Saturday, November 9, 2002

Four teens charged in cross burning

Many in Oxford area relieved

By Kevin Aldridge
The Cincinnati Enquirer

HAMILTON - Four juveniles have been arrested and charged with ethnic intimidation in connection with a cross burning at an Oxford Township home last month.

Butler County sheriff's officials apprehended four white males, ages 14 to 16, Thursday night, ending a three-week joint investigation by the Butler County Sheriff's Office, Oxford Township Police Department and the FBI.

The teens, whom authorities think are students in the Talawanda School District, were charged with ethnic intimidation by way of criminal damaging or endangering, and aggravated trespass, both first-degree misdemeanors.

"We want to send a strong message that we are not going to tolerate this in Butler County," said Sheriff Harold Don Gabbard. "We want people to know that this is a very serious criminal offense and anyone, regardless of age, will be charged."

The teens - two of whom are brothers - are being held in the Butler County Juvenile Detention Center. Police would not release the names of the suspects because they are juveniles.

After returning from a weekend trip on Oct. 20, Robert LeGesse reported finding the charred remains of a 3-foot wooden cross in his front yard in the 7600 block of Stillwell Beckett Road. Mr. LeGesse, who is white, has biracial children. Authorities said they believe that is why his home was targeted.

Detective Carrie Schultheiss, who headed the investigation for the sheriff's office, said information received from Talawanda students and faculty helped lead to the arrests. She said investigators had also linked forensic evidence found at the scene of the crime to at least one of the suspects.

"If the community did not come together like it did, this case may have never been solved," Detective Schultheiss said. "Those within the school district helped out a great deal."

Detective Schultheiss said one witness told police she routinely heard one of the suspects making racial slurs.

When police questioned the youths' parents about the incident, Detective Schultheiss said they were all "shocked and devastated to learn that their kids were involved."

"To us, these children have some kind of problem. They are disturbed and they need help," said Lt. Gary "Mike" Craft of the sheriff's office. "We are going to recommend (to the court) some form of counseling."

Friday afternoon, Talawanda Principal David Isaacs said police had not notified him that the suspects were students at his school. If they are, Mr. Isaacs said, they likely would not face administrative discipline because the incident did not take place during school hours.

"The court will deal with them," said Mr. Isaacs, a first-year principal at the school. "And when they eventually return, it will be our job to continue to educate to help them move forward productively and perhaps make amends. ... This is a real concern to all of us."

Many in the town of about 2,000 residents breathed a sigh of relief upon hearing the news that police had made an arrest. Oxford Township Police Chief Wayne Hall said the incident has tarnished the reputation of the community, but it has also drawn people from the farming, educational and religious sectors together.

The Rev.

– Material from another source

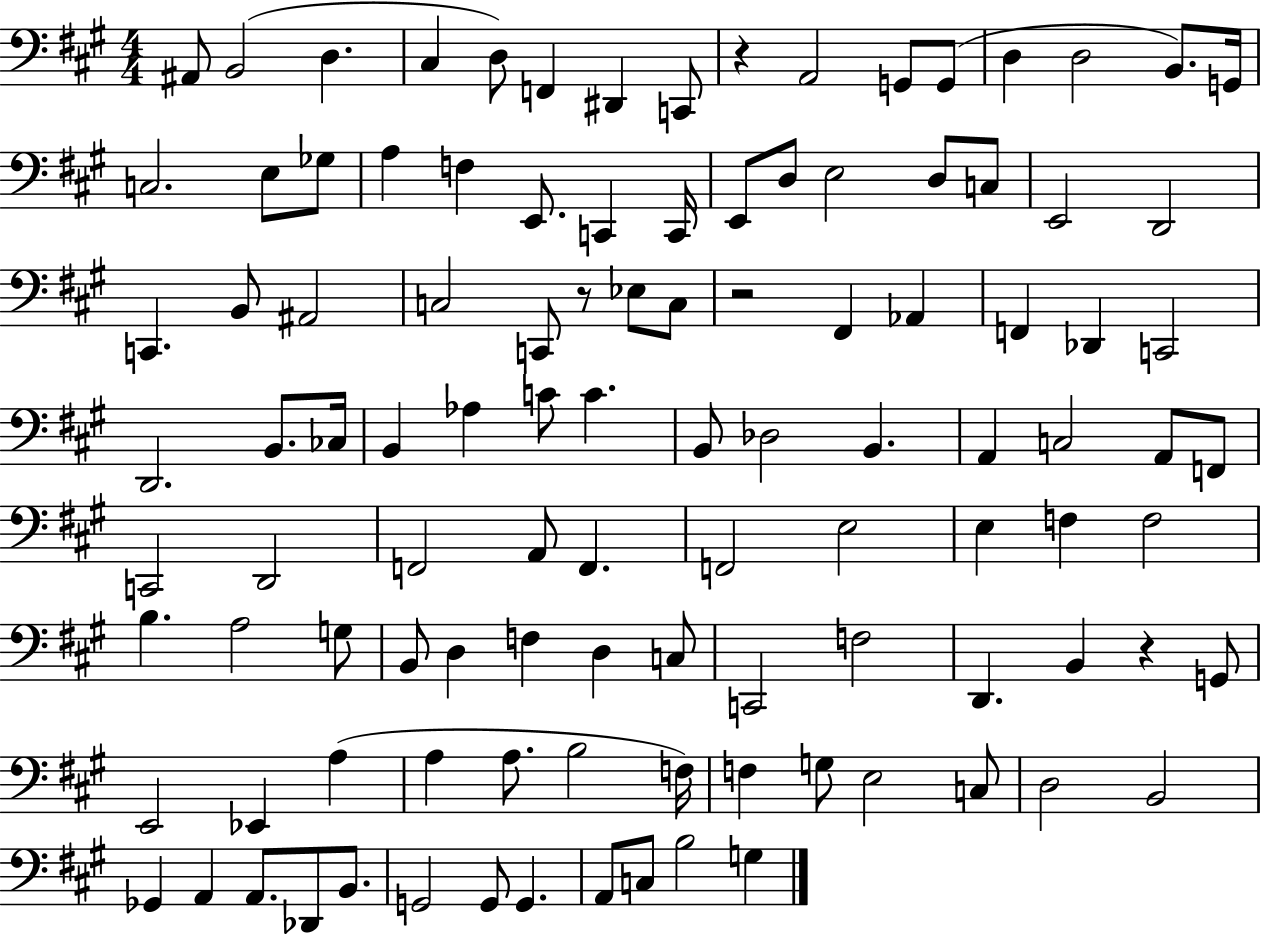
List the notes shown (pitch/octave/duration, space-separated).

A#2/e B2/h D3/q. C#3/q D3/e F2/q D#2/q C2/e R/q A2/h G2/e G2/e D3/q D3/h B2/e. G2/s C3/h. E3/e Gb3/e A3/q F3/q E2/e. C2/q C2/s E2/e D3/e E3/h D3/e C3/e E2/h D2/h C2/q. B2/e A#2/h C3/h C2/e R/e Eb3/e C3/e R/h F#2/q Ab2/q F2/q Db2/q C2/h D2/h. B2/e. CES3/s B2/q Ab3/q C4/e C4/q. B2/e Db3/h B2/q. A2/q C3/h A2/e F2/e C2/h D2/h F2/h A2/e F2/q. F2/h E3/h E3/q F3/q F3/h B3/q. A3/h G3/e B2/e D3/q F3/q D3/q C3/e C2/h F3/h D2/q. B2/q R/q G2/e E2/h Eb2/q A3/q A3/q A3/e. B3/h F3/s F3/q G3/e E3/h C3/e D3/h B2/h Gb2/q A2/q A2/e. Db2/e B2/e. G2/h G2/e G2/q. A2/e C3/e B3/h G3/q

Mark Kelly Tyler, pastor of Bethel AME Church in Oxford and an organizer of last Sunday's vigil denouncing the cross burning, applauded the efforts of local law enforcement.

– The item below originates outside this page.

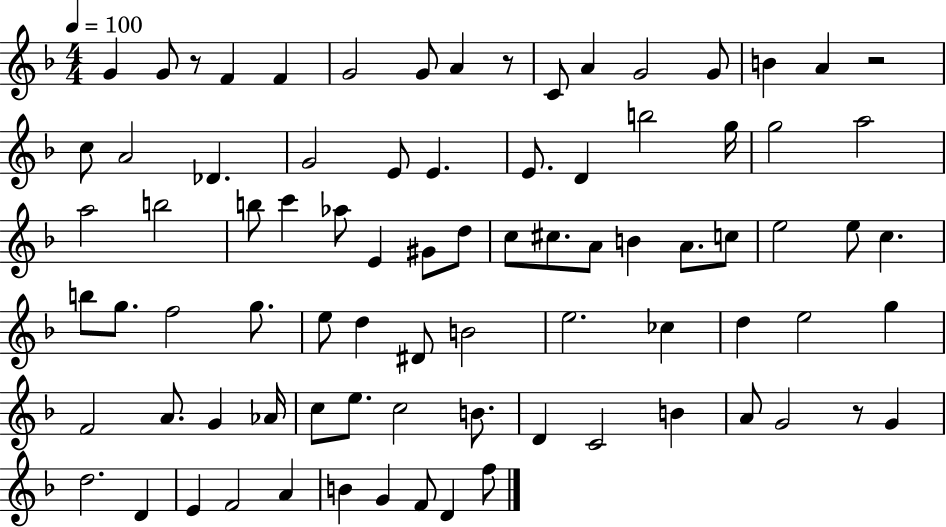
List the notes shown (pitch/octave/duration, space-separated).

G4/q G4/e R/e F4/q F4/q G4/h G4/e A4/q R/e C4/e A4/q G4/h G4/e B4/q A4/q R/h C5/e A4/h Db4/q. G4/h E4/e E4/q. E4/e. D4/q B5/h G5/s G5/h A5/h A5/h B5/h B5/e C6/q Ab5/e E4/q G#4/e D5/e C5/e C#5/e. A4/e B4/q A4/e. C5/e E5/h E5/e C5/q. B5/e G5/e. F5/h G5/e. E5/e D5/q D#4/e B4/h E5/h. CES5/q D5/q E5/h G5/q F4/h A4/e. G4/q Ab4/s C5/e E5/e. C5/h B4/e. D4/q C4/h B4/q A4/e G4/h R/e G4/q D5/h. D4/q E4/q F4/h A4/q B4/q G4/q F4/e D4/q F5/e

"I'm pleased that they took this seriously and did not just blow it off," said the Rev. Mr. Tyler, who is African-American. "They did what they said they'd do, so I'm pleased with their response.

"But I'm troubled that four juveniles would exhibit this type of behavior," he said. "I'm concerned that they get some type of treatment - something that shows them that what they've done is not funny and that gives them an idea of the type of hurt they've inflicted on that family and the emotions and outrage they've stirred up in the community."

The Rev. Logan Dysart, pastor of Faith Lutheran Church in Oxford, said the fact that juveniles were involved only re-emphasized the need to continue to educate the community on issues of diversity.

"We need to educate our teens better so they can be strong and make better life decisions," said the Rev. Mr. Dysart. "We need to teach them that it is OK to disagree, but we don't have to go to these extremes to express our points of view. They are entitled to their opinions, but not the right to hurt others."